**Data**
● ● ● ● ●

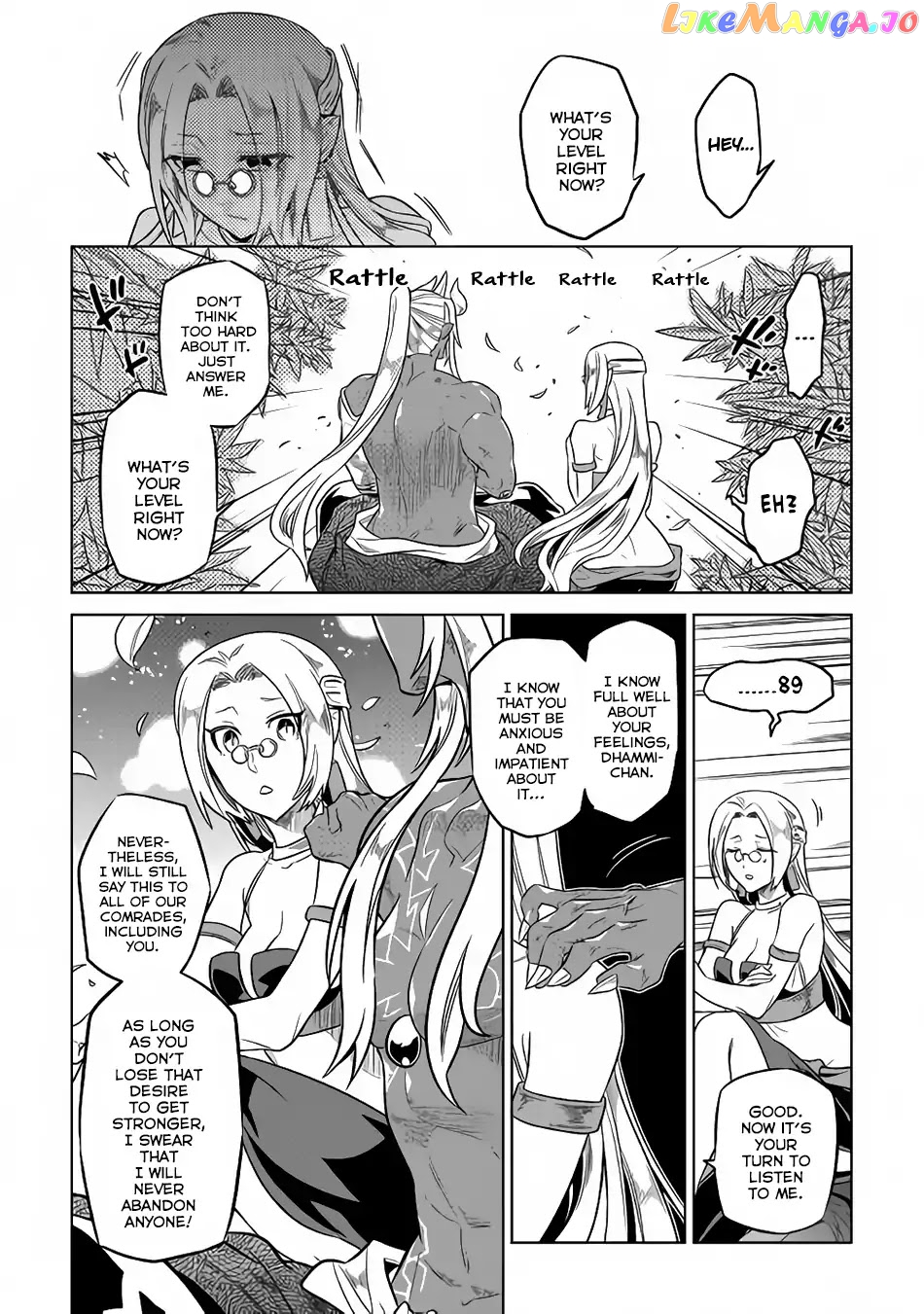 Re:Monster - Manga chapter 50 - page 9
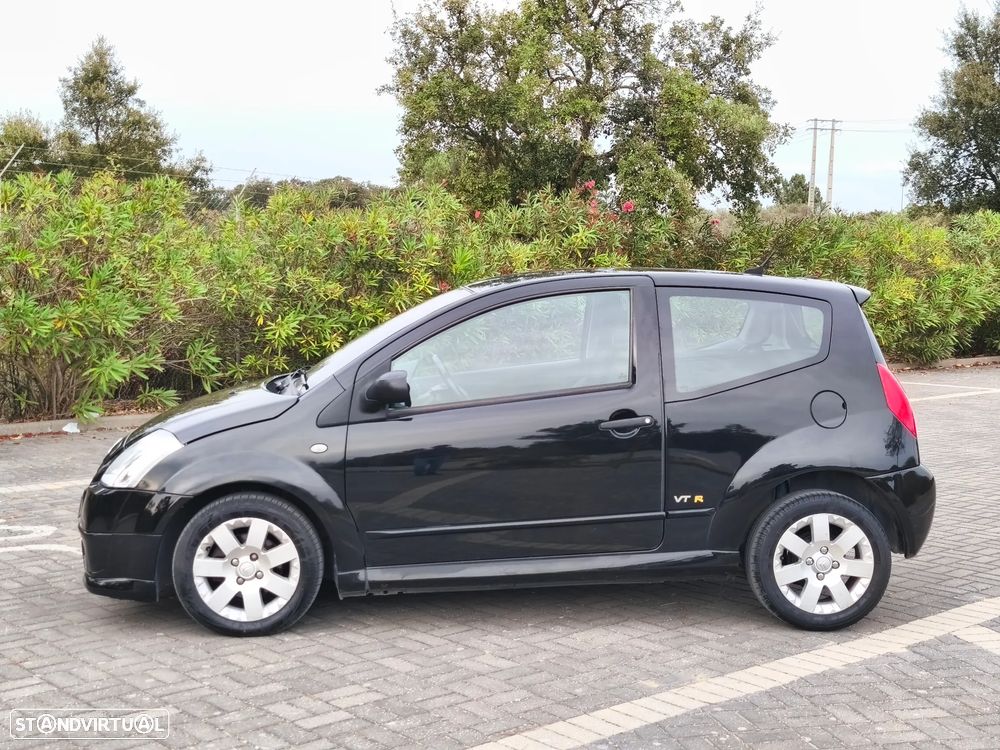 Citroën C2 1.4 HDi VTR - 2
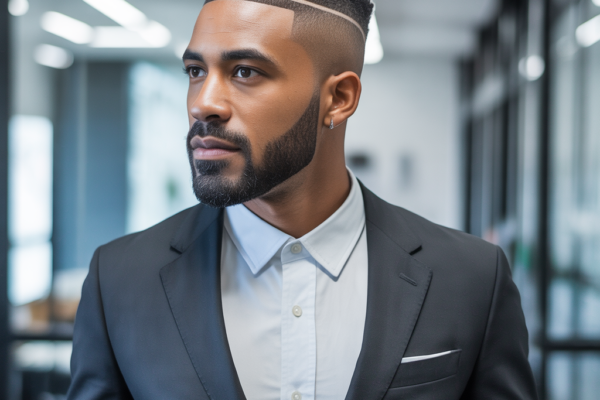 Black Mens Office Hair: Professional Hairstyles & Style Tips for the Modern Workplace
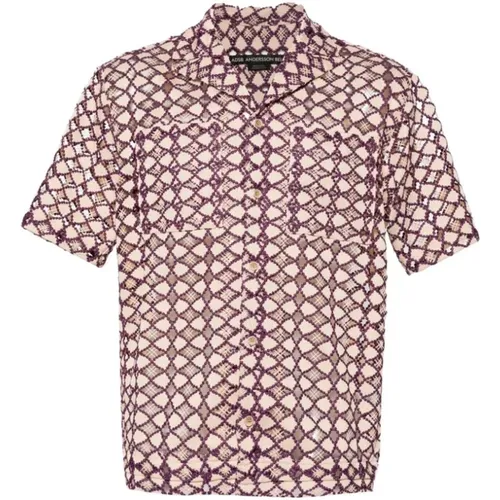 Short Sleeve Shirts Andersson Bell - Andersson Bell - Modalova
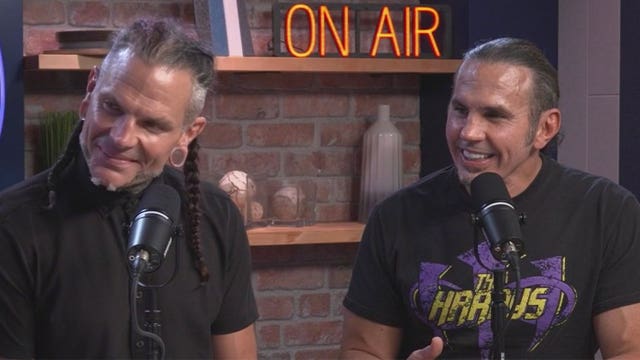 Hardy Boyz talk the possibility of WWE return, reuniting with Dudleys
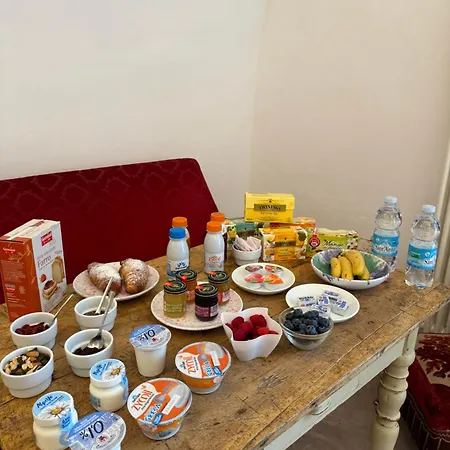 펜션 Casa Ulivo 오스투니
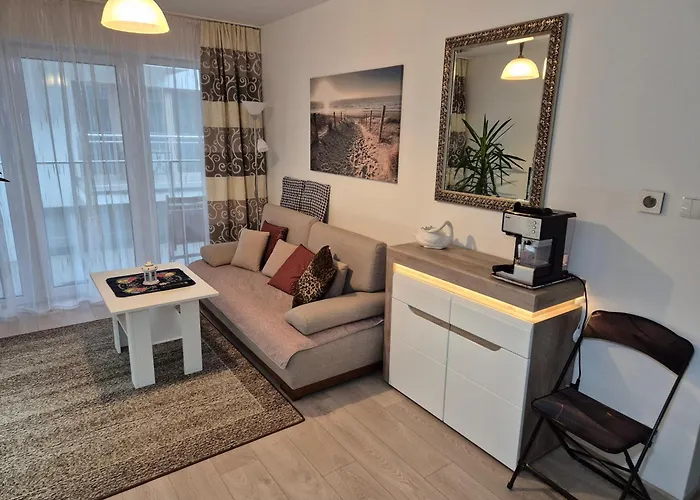 דירה Baltycka 6b קולובז'ג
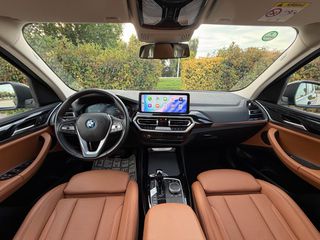 Bmw X3 2022 xDRIVE 30e PLUG-IN HYBRID SUNROOF PANORAMA / ΕΛΛΗΝΙΚΟ-thumb-13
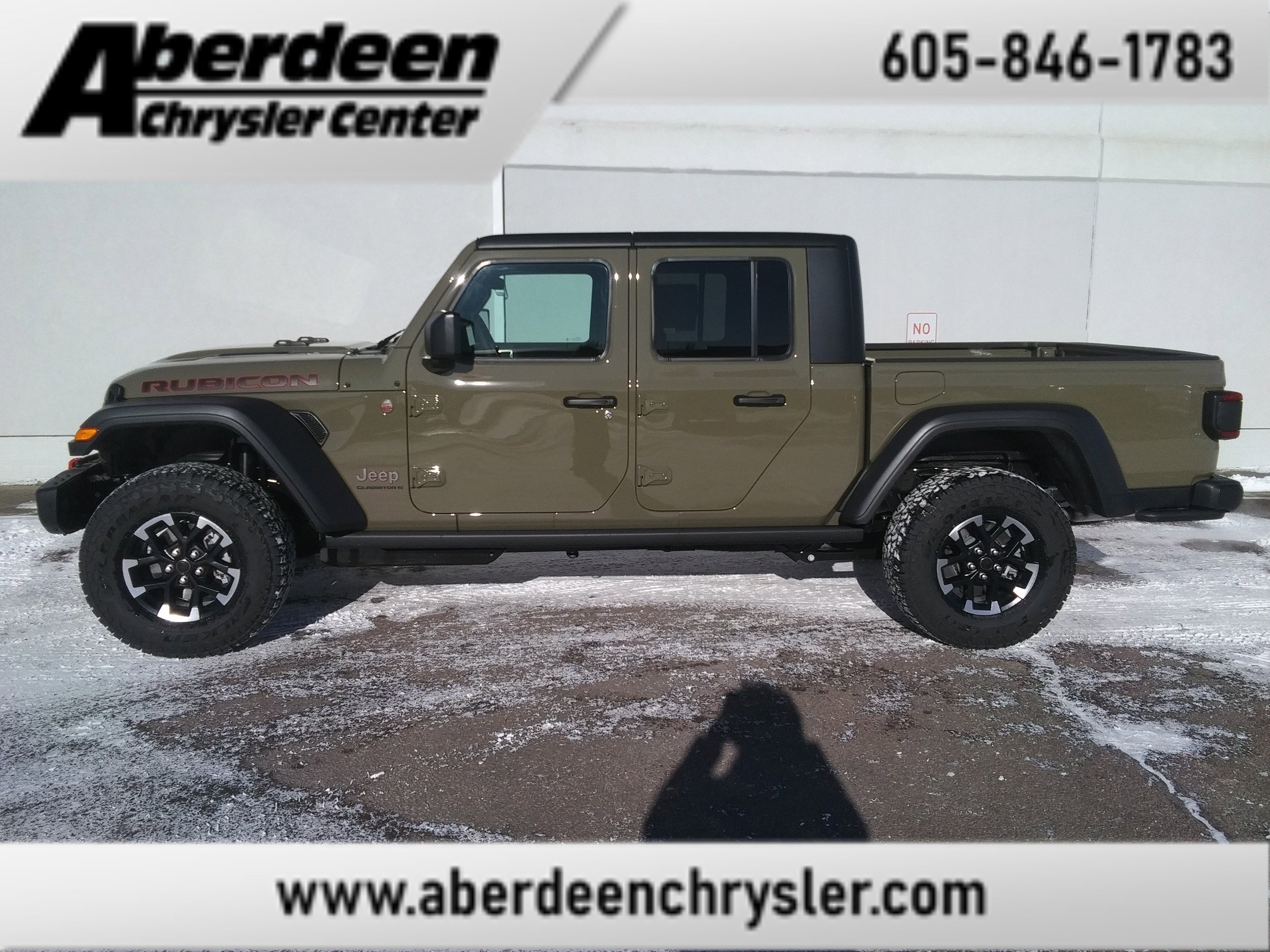 2026 Jeep Gladiator Rubicon Auto's photo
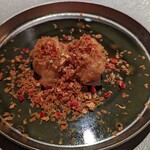 銀座嘉禅 - 三品目。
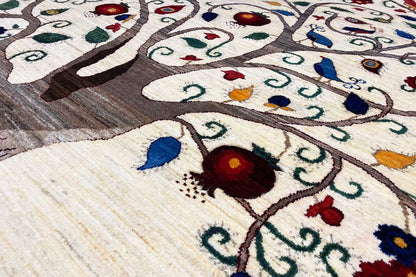 Gabbeh - Lori - 30792 (246x172cm) - German Carpet Shop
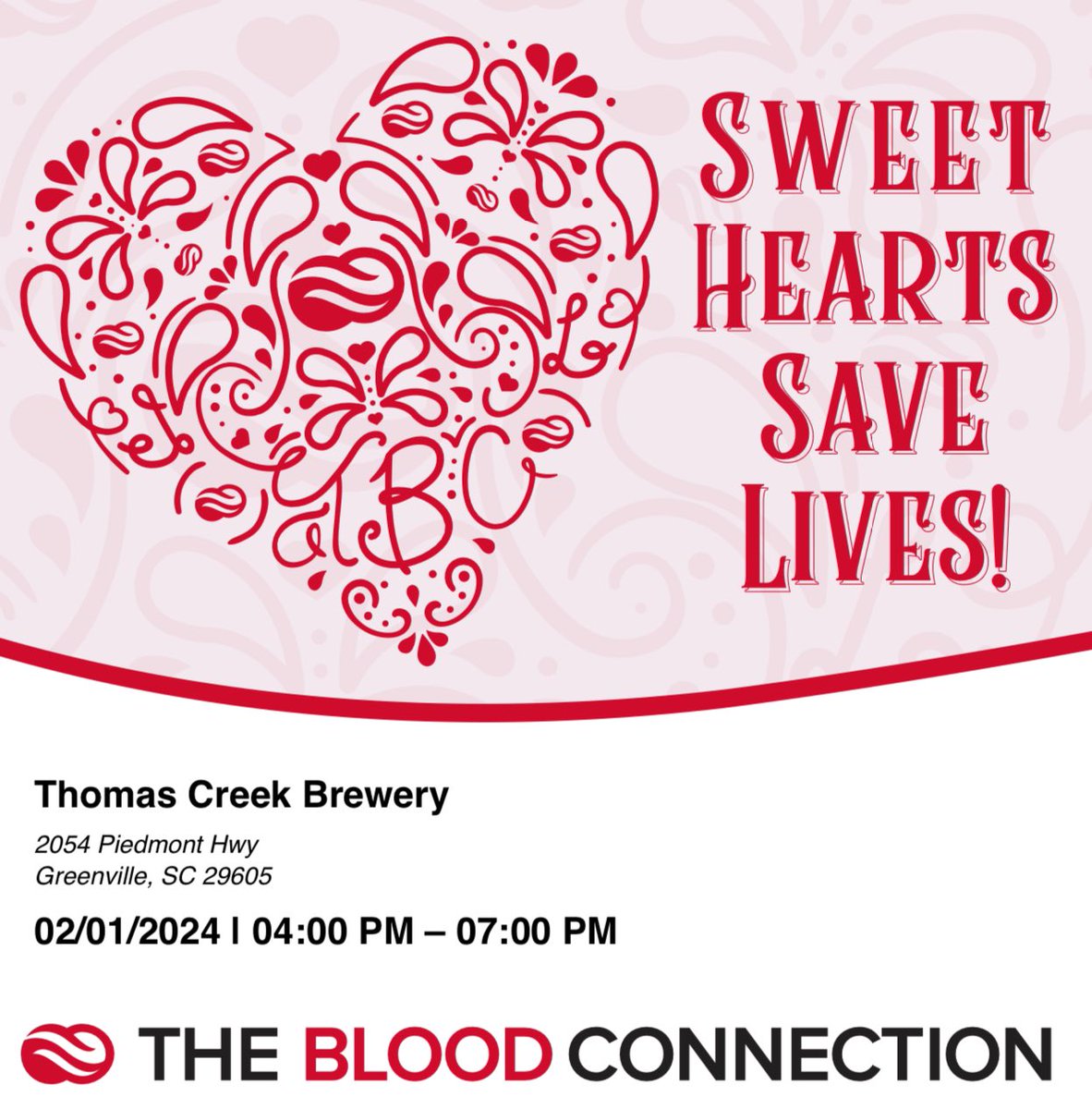 $50 to give blood this Thursday! Save some lives, get paid, and pat yourself on the back with a pint &amp; BBQ afterwards. 4-7pm. Can even stay for our weekly trivia night! ❤️🍻❤️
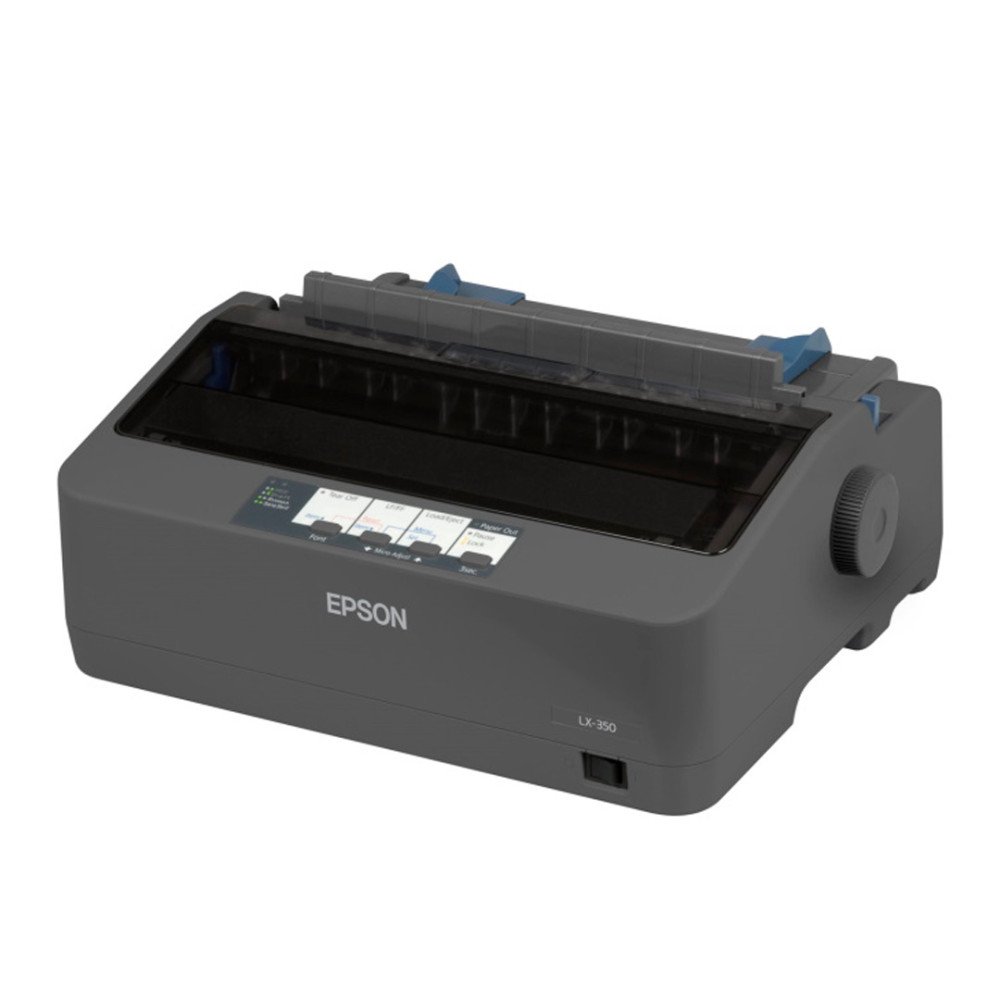 Impresora Matricial Lx350 | 9 pines, conexión USB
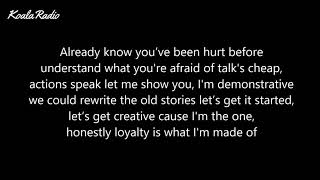 G-Eazy - Mama Always Told Me  (ft. Madison Love) (Lyrics)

● ● ● ● ●

**Task prompt**
Give the data back exactly, omitting all pictures.

**Expected output**
 Re:Monster - Manga chapter 50 - page 9
 Citroën C2 1.4 HDi VTR - 2
 Black Mens Office Hair: Professional Hairstyles & Style Tips for the Modern Workplace
 Short Sleeve Shirts Andersson Bell - Andersson Bell - Modalova
 Hardy Boyz talk the possibility of WWE return, reuniting with Dudleys
 펜션 Casa Ulivo 오스투니
 דירה Baltycka 6b קולובז'ג
 Bmw X3 2022 xDRIVE 30e PLUG-IN HYBRID SUNROOF PANORAMA / ΕΛΛΗΝΙΚΟ-thumb-13
 2026 Jeep Gladiator Rubicon Auto's photo
 銀座嘉禅 - 三品目。
 Gabbeh - Lori - 30792 (246x172cm) - German Carpet Shop
 $50 to give blood this Thursday! Save some lives, get paid, and pat yourself on the back with a pint &amp; BBQ afterwards. 4-7pm. Can even stay for our weekly trivia night! ❤️🍻❤️
 Impresora Matricial Lx350 | 9 pines, conexión USB
 G-Eazy - Mama Always Told Me  (ft. Madison Love) (Lyrics)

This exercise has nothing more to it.